===== Data records

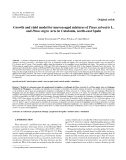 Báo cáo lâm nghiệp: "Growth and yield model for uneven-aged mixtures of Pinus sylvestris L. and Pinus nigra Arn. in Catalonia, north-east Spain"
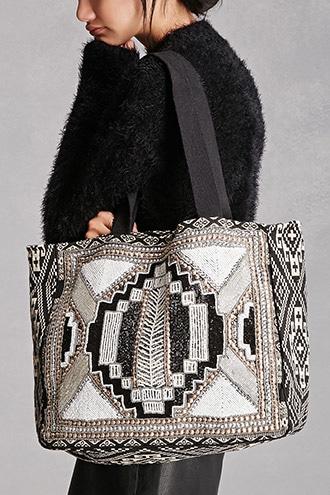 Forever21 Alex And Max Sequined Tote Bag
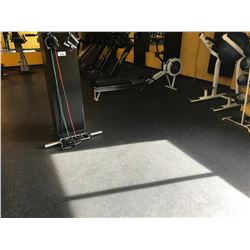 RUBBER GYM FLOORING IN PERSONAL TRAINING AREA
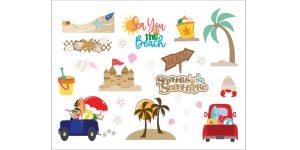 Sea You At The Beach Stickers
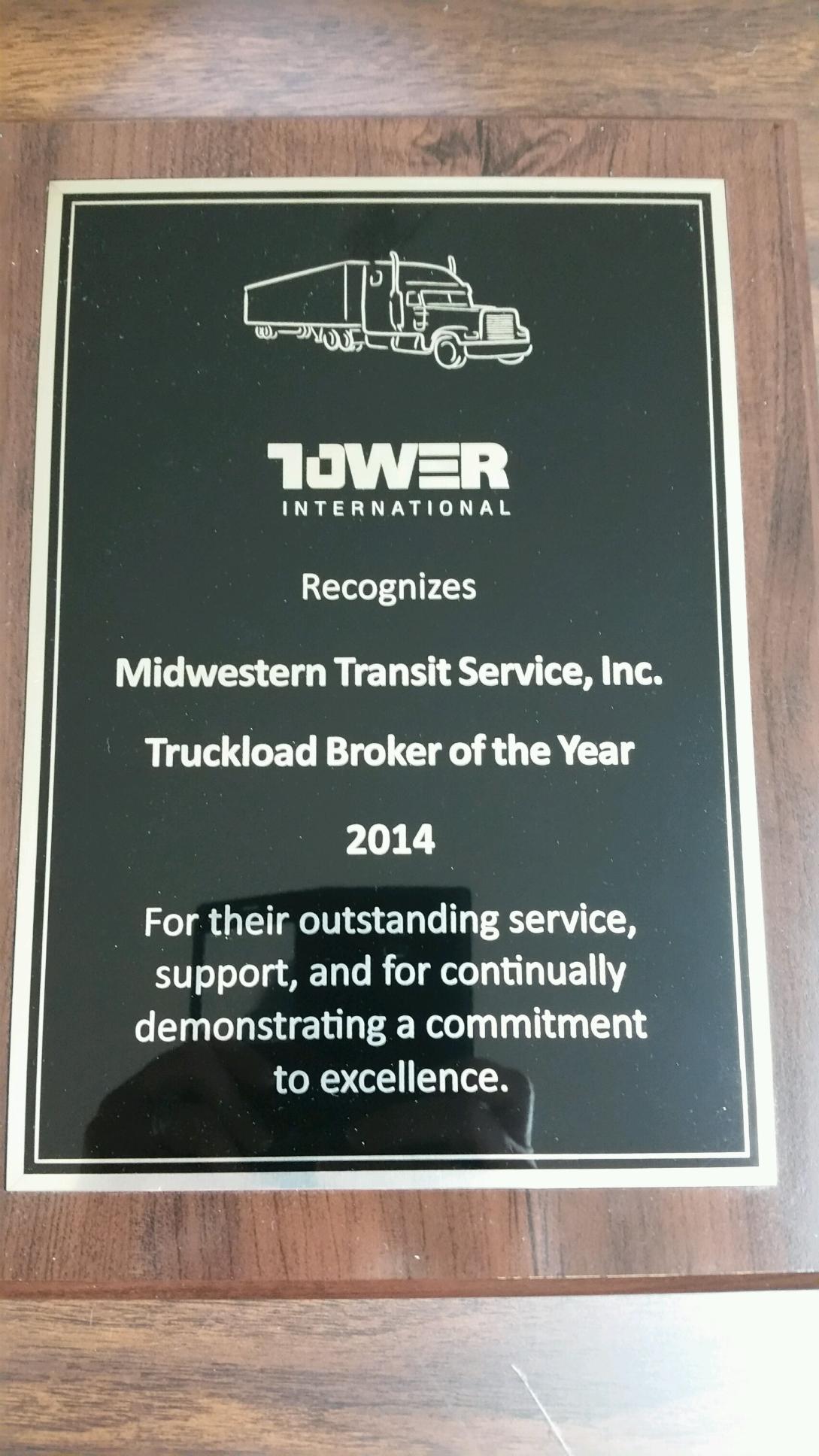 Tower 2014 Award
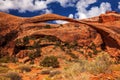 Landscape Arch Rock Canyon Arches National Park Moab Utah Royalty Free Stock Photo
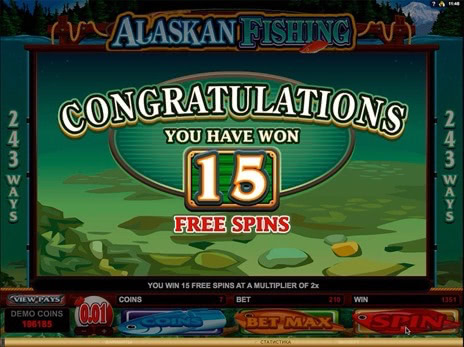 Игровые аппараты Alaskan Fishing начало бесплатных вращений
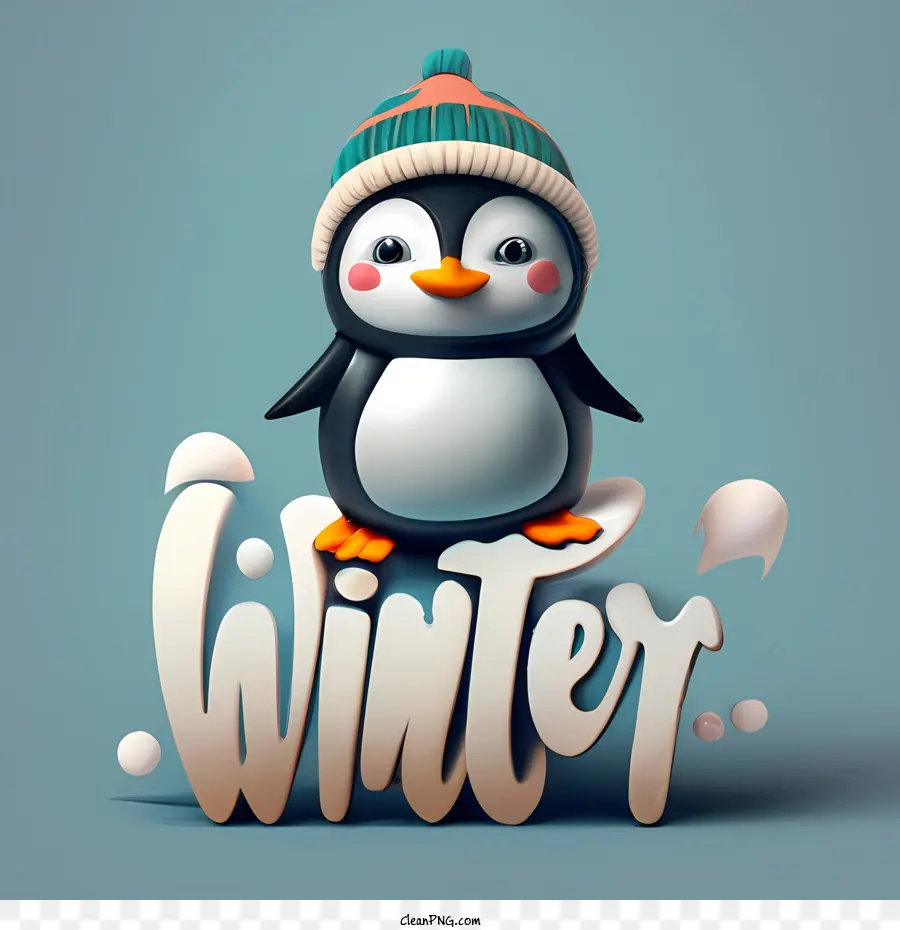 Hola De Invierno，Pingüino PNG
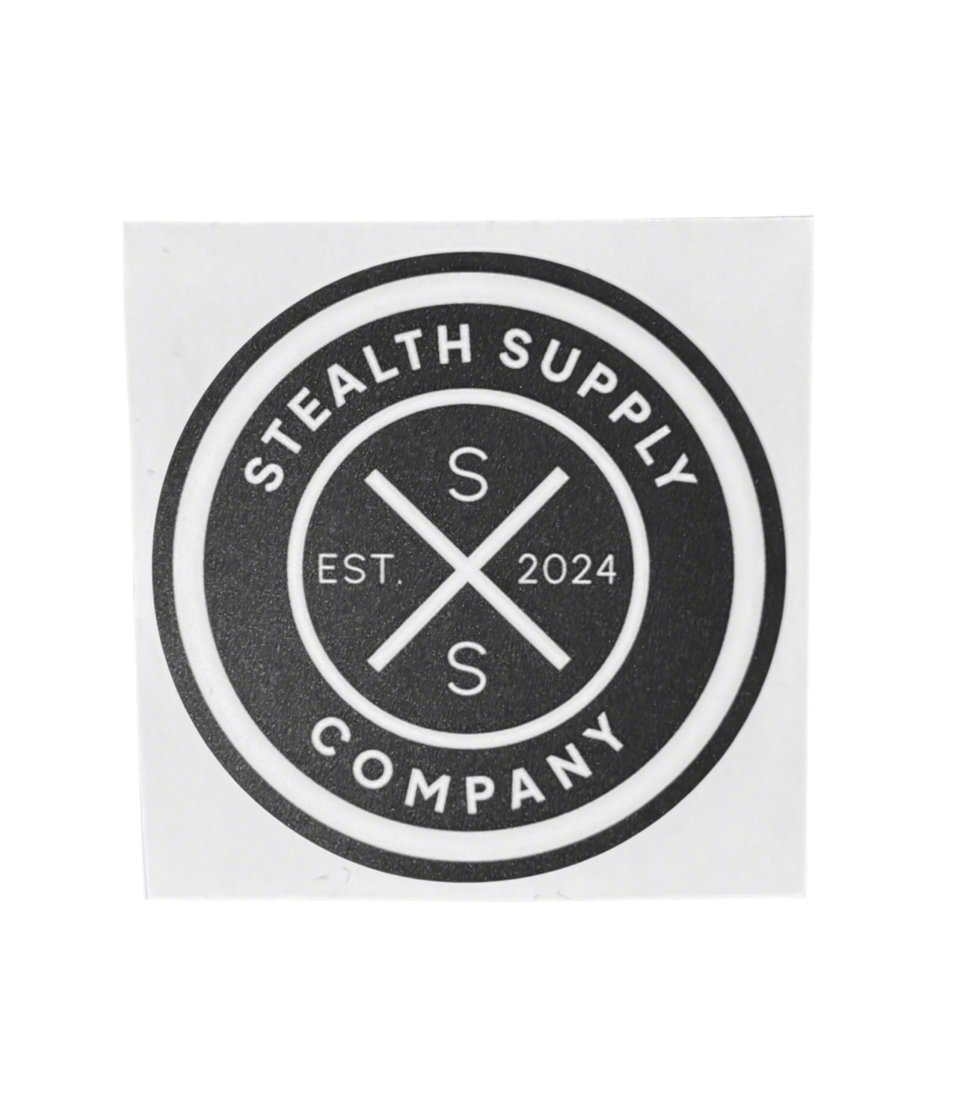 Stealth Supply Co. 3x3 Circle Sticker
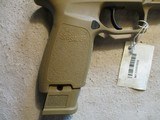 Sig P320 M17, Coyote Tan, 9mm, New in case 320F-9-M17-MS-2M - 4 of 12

==========

## What is required
Every line from the one with "Landscape Arch Rock" through the end of the records above belongs in the answer, copied exactly; no picture does.

## Your solution
 Landscape Arch Rock Canyon Arches National Park Moab Utah Royalty Free Stock Photo
 Игровые аппараты Alaskan Fishing начало бесплатных вращений
 Hola De Invierno，Pingüino PNG
 Stealth Supply Co. 3x3 Circle Sticker
 Sig P320 M17, Coyote Tan, 9mm, New in case 320F-9-M17-MS-2M - 4 of 12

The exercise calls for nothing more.